Evidenzia infatti la Cassazione l’erroneità di tale statuizione, atteso che “per il danno in oggetto va fatto ricorso al criterio prognostico, basato su concrete e ragionevoli, non ipotetiche, possibilità di risultati utili”. Richiamandosi alla propria precedente sentenza 2737/2015, infatti, la Corte ricorda che il danno da perdita di chance presuppone la prova, quantomeno in via presuntiva e probabilistica, della concreta possibilità – da valutarsi ex ante – di conseguire dei vantaggi economicamente apprezzabili.
Di conseguenza non può ritenersi corretta la valutazione svolta dalla Corte d’Appello, la quale aveva considerato solo le ipotetiche ed astratte possibilità di conseguire risultati utili, e, per di più, aveva quantificato il danno sulla sola base di criteri (il perdurare dell’omissione della PA e il “tipo” di impresa coinvolta) del tutto inadeguati e generici, in evidente contrasto con gli stessi tratti caratteristici del danno da perdita di chance come sopra riassunti.

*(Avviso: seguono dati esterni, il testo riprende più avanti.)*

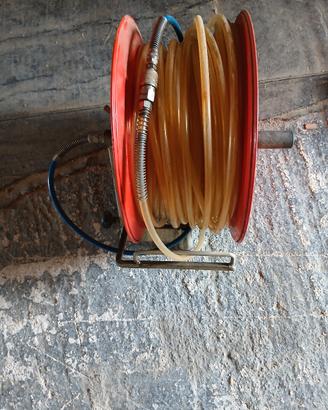 Avvolgitubo con bobina per compressore 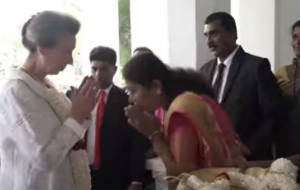 Princess Anne visits Jaffna,Public greet the Royal visitor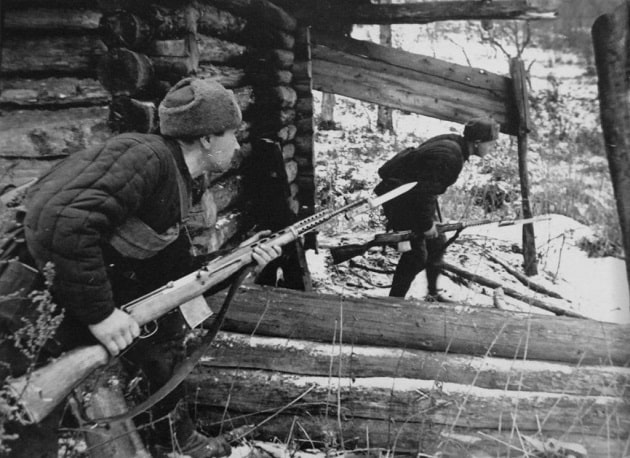 Бойцы вооружены самозарядными винтовками Токарева образца 1940 года (СВТ-40)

La Suprema Corte, pertanto, sancisce il seguente principio di diritto: “Ove sia fatta valere a fondamento della domanda risarcitoria ex art.2043 c.c. nei confronti dell’Amministrazione, la lesione dell’interesse pretensivo, concretantesi nel caso nella preclusione della possibilità di partecipazione a gare pubbliche per la illegittima mancata iscrizione dell’impresa nell’Albo Nazionale Costruttori per le categorie di lavori ed importi indicati, occorre valutare, sulla base degli elementi di fatto forniti dal danneggiato, in via presuntiva e probabilistica la sussistenza ex ante di concrete e non ipotetiche possibilità di conseguire vantaggi economici; dell’accertamento e della liquidazione di tale perdita condotte in via equitativa il giudice deve dare conto del processo logico e valutativo seguito.